What is needed:
Only the number is wanted: how many lines of these entries contain the word "Satin"?

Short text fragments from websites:
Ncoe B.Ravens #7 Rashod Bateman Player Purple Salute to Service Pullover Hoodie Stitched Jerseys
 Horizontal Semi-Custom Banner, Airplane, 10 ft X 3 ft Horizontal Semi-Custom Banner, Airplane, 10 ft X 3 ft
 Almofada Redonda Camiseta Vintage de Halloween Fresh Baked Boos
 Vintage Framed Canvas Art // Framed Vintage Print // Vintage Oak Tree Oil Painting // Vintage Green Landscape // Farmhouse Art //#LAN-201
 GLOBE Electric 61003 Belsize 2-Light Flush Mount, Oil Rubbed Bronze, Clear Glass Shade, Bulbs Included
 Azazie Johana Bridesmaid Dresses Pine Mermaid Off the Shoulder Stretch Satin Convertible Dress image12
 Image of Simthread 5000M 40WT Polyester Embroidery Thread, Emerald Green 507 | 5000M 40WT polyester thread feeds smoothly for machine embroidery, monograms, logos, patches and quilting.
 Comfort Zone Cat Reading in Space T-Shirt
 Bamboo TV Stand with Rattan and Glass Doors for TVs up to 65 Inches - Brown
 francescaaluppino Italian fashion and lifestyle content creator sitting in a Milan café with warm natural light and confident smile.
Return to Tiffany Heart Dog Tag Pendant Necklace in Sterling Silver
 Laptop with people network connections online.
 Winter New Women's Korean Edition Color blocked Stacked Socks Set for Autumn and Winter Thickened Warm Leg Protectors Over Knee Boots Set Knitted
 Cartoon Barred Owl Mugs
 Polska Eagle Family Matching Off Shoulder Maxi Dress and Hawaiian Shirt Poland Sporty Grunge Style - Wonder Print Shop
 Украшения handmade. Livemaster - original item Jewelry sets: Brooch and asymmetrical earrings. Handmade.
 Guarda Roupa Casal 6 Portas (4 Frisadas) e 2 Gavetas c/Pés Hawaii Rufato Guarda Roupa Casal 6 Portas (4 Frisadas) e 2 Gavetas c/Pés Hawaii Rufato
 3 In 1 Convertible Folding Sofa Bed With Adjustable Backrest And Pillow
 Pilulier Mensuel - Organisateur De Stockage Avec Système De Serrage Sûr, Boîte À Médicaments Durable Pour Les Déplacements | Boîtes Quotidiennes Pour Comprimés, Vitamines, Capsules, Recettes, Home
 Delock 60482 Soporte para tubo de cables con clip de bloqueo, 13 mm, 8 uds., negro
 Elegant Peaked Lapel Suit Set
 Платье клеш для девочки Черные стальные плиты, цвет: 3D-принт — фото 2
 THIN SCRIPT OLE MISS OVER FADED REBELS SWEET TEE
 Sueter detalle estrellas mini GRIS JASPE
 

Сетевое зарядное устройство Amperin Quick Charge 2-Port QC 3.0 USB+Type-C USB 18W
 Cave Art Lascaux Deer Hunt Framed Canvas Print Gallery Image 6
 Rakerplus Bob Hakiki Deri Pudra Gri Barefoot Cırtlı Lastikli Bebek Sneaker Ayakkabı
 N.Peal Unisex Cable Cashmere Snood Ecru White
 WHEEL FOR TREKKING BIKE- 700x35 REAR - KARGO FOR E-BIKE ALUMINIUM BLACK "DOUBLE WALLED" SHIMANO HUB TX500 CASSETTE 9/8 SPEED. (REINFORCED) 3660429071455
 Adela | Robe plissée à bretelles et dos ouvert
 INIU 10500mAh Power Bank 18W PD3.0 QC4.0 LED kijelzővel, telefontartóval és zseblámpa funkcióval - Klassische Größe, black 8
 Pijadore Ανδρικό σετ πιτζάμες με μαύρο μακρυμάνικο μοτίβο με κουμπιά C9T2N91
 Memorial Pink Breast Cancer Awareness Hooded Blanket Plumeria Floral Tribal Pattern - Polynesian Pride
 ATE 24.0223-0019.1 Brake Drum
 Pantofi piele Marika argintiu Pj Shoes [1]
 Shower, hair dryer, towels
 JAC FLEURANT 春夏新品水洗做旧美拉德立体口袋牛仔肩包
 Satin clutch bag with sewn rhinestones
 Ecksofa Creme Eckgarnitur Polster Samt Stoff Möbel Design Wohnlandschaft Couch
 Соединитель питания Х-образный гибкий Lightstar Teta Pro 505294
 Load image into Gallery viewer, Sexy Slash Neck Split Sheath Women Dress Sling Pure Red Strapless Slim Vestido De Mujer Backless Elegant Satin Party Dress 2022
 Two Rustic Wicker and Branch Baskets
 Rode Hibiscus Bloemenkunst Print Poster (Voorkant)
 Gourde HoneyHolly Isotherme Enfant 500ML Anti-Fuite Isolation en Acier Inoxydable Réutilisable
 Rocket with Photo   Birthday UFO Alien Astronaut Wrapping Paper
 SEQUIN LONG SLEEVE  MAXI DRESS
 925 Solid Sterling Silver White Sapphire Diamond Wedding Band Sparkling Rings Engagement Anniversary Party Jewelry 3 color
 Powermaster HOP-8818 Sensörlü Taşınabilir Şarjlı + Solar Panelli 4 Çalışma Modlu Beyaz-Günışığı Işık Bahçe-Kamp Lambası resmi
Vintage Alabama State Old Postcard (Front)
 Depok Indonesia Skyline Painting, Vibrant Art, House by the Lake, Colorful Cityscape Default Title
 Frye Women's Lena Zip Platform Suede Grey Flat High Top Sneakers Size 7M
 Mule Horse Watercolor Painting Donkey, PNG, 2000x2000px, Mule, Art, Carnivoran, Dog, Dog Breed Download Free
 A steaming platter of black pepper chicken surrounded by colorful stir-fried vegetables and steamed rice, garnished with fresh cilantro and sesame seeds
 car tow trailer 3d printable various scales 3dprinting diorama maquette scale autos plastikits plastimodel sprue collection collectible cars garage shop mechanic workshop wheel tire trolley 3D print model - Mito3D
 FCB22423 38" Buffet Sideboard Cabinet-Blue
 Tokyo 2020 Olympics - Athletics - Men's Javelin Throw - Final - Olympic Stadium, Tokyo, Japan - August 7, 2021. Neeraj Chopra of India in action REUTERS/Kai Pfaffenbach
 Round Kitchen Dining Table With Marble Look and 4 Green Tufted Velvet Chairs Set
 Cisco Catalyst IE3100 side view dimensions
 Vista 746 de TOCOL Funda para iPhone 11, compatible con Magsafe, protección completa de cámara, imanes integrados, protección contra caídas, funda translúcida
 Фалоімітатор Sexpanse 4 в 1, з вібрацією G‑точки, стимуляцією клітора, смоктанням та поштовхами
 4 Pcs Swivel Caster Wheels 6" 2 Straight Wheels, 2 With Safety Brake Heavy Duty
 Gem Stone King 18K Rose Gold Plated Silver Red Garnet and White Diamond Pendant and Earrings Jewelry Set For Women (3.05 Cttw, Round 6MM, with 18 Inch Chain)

Answer space:
3